Emotional Baking

Holiday baking is more extraordinary to me than holiday cooking. I make meals—thematic ones, special ones—whenever I get the urge. But I never make four or five spectacular desserts all at once unless it’s the high holidays or a significant birthday.

My idea is always to dazzle my loved ones with the ultimate selection of celebratory sweets. I mention, days in advance, what I’ll be making. I ask for opinions, I re-assess. My excitement grows in step with the intensity of my prep work. By the day before I have this dazzling current racing in my veins. But it’s a baker’s current, so it’s sensual but precise, detail-oriented, orchestral. Without expecting it, I develop expectations. Of golden-era television family togetherness and Instagrammable elation.

Sometimes, I wind up disappointed. Unlike my son, with whom I could have stayed home, my extended family doesn’t have room for dessert. Or they don’t care all that much what it tastes like—or what it looks like, or what ingredients and techniques it showcases. And why I chose it? That is a topic marked by urgency only for me. A cranberry flan tart with a shortbread crust that tastes like it contains all of the world’s butter in every bite. A lemon cake with whipped cream, studded with jewels of candied lemon peel. A ricotta pine nut galette, vivid with orange zest, sophisticated with resinous sweetness, and more interesting than any other cheesecake I’ve had. And chocolate sables with fleur de sel, crisp but astonishingly smooth. To the people at the table, this is food. To me, it is magic. And this pursuit of perfection I practice, whose goal is sensory awe? This is something in my lineage that started with me.

My disappointment winds up no match for my pride and wonderment. After all, the gathering and the people I will see are my pretext: the main event is the baking itself, and then the lush mouthfuls of something I came up with and created myself. (Though sometimes it’s Deb’s, David’s, or Shauna’s recipe.) The joy blossoms for good over the days that follow, as Anker and I indulge over breakfasts and snacktimes, displaying attentive delight so concordant you’d think we’re related.

That my desserts are, to me, better than any other ones I have ever eaten, is a simple truth, hard to share with others without getting the kind of look in response that suggests I am coming across as delusional. And yet what else could my baked goods be, if not the best I’ve had? I have strong convictions about how I wish to eat, fine-tuned senses, adequate technique, an ethos of only consuming the best natural foods I can find, and firm adherence to using as few ingredients as possible to get the job done. I make what I want to have made—it’s that simple. If I try something I love from a bakery, or something remarkable made by someone else, I go home and figure out how to make it, too. And then I nudge it my way, so that I like it better. This isn’t arrogance, it’s diligence plus self-knowledge. I can’t understand why more people don’t feel exactly the same way.

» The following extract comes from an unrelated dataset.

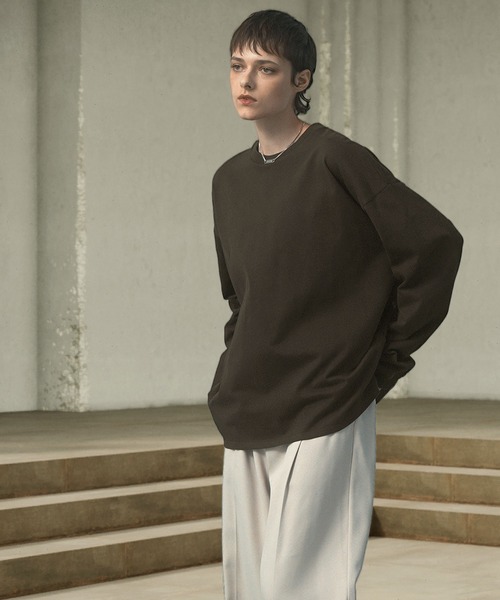 EMMA CLOTHES（エマクローズ）の「ヘビーウェイトルーズベーシックマルチスタイルTシャツ（Tシャツ/カットソー・メンズ・ダークグリーン/ネイビー/ブラック/ホワイト/ダークブラウン/ライトグレー/チャコール・L/M/S）」の9枚目の写真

I have struggled over the years with the matter of reciprocity, though not in the way it is usually cause for struggle, but in reverse. I like cooking and baking for others, but I am rarely comfortable with others cooking and baking for me. My food journey has included difficult times, with anger at the table and processed food on it throughout my childhood, weight I kept putting on as a teenager, diets I couldn’t keep as a college student, and trouble digesting pretty much everything until I was nearly forty. I have found a way that works and it is intuitive and personal. It allows me great freedom and nearly boundless pleasure, but it sometimes falters when I’m out in the world, playing by others’ rules. In my own kitchen, on the other hand, I am a fish in water, an exile finally home. Sharing the magic that works through me here is one of my life’s highlights.

Back when I was an overweight teen, I used to swallow my feelings. Now I harness them when I bake. If someone had time-traveled back from now to then and showed that former me how I’d turn out one day—and what I’d have my own tender permission to make, eat, and say—they would have made a very scared, very lonely girl feel a lot better. But no one did, so I’m doing it now, one cake, tart, and batch of cookies at a time. Especially over the holidays, which invariably find that former version of me showing up, asking to be soothed.


Pictured at top are the desserts I made several days ago in celebration of Easter 2022. There was a lemon layer cake with whipped cream and candied lemon peel jewels, as well as a ricotta pine nut pie, both from my own recipes. I also made a cranberry version of these excellent flan bars plus a sea-salt spin on these phenomenal chocolate cookies, both inspired by Deb’s fantastic recipes on her acclaimed blog, Smitten Kitchen. The photos are all mine, somewhat hastily shot in daylight on the counter using mostly the Fuji.